** Opening RECORDS FOR THIS EXERCISE block **

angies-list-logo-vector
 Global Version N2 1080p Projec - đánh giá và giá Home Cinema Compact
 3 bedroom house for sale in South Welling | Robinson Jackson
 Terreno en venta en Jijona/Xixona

** Closing RECORDS FOR THIS EXERCISE block **
** Opening RECORDS FOR THIS EXERCISE block **

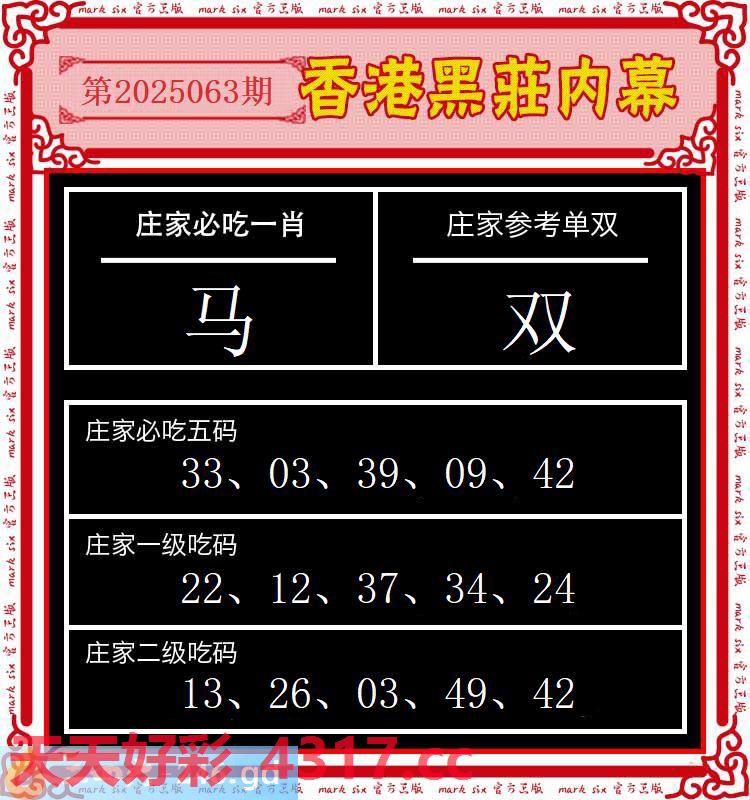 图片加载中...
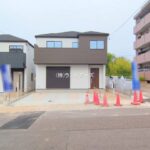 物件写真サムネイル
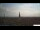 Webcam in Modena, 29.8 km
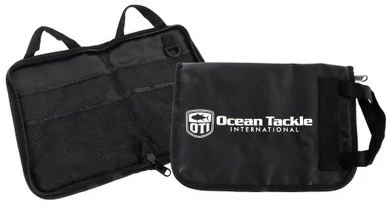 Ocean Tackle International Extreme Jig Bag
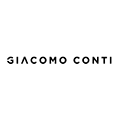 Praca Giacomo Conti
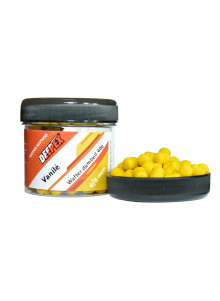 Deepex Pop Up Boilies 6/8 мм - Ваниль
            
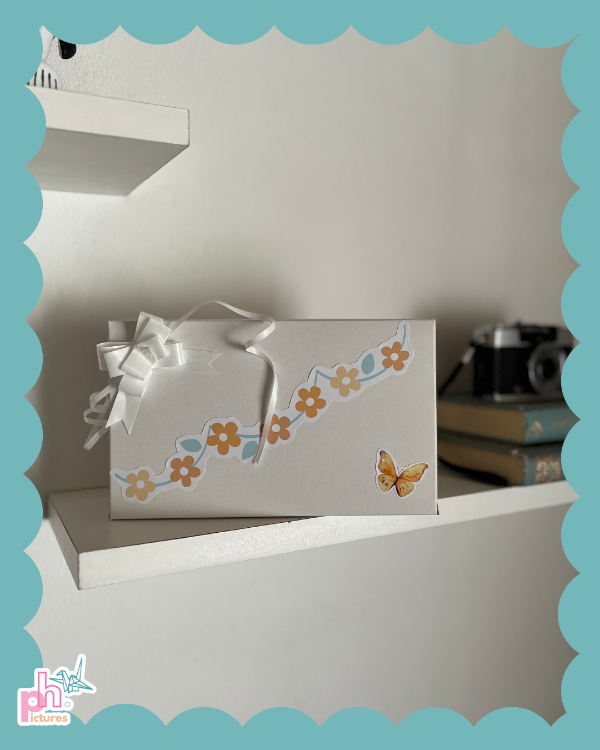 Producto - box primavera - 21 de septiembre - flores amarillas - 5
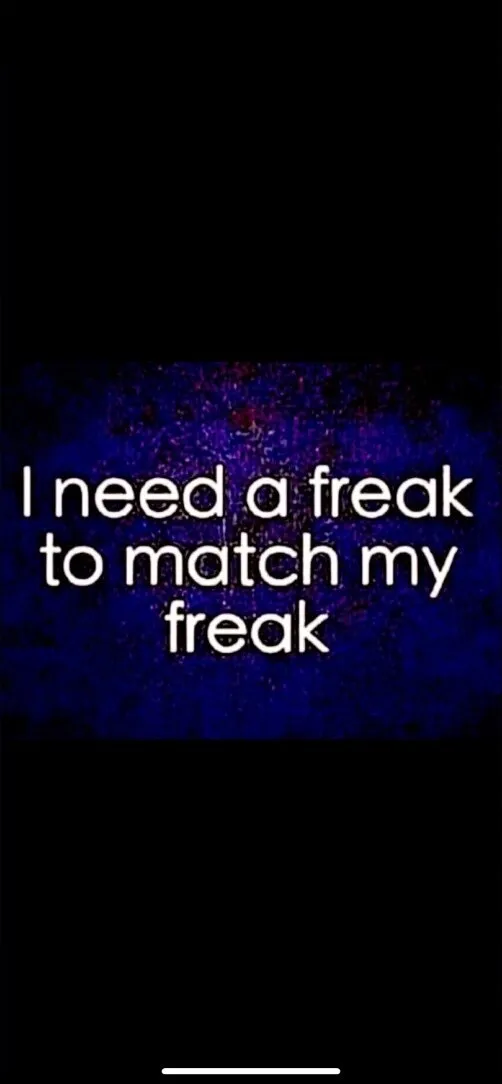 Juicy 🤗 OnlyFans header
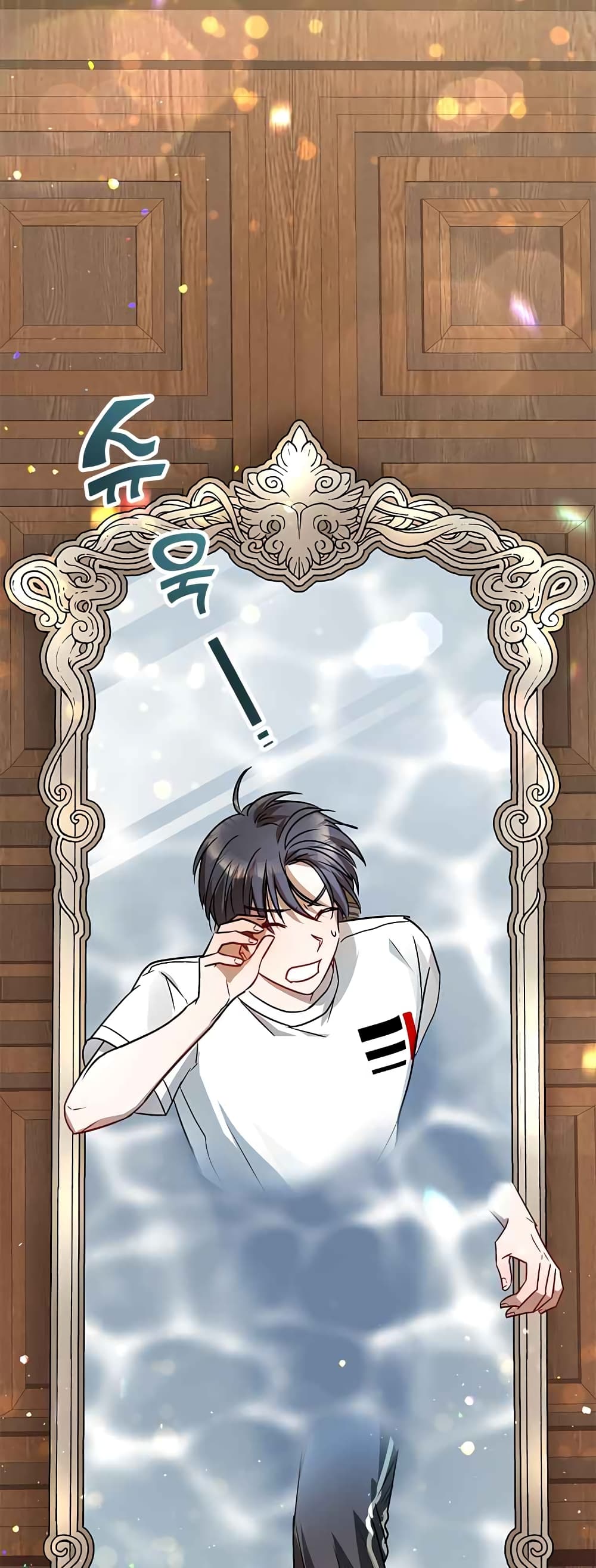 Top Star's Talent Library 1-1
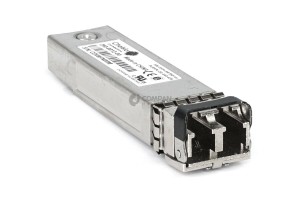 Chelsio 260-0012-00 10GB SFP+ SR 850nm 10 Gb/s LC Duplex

** Closing RECORDS FOR THIS EXERCISE block **

WHAT TO PRODUCE: Of all the entries above, output exactly the lines between the one holding "angies-list-logo-vector" and the one holding "Terreno en venta en Jijona/Xixona", inclusive.

ANSWER TO THE PROBLEM:
angies-list-logo-vector
 Global Version N2 1080p Projec - đánh giá và giá Home Cinema Compact
 3 bedroom house for sale in South Welling | Robinson Jackson
 Terreno en venta en Jijona/Xixona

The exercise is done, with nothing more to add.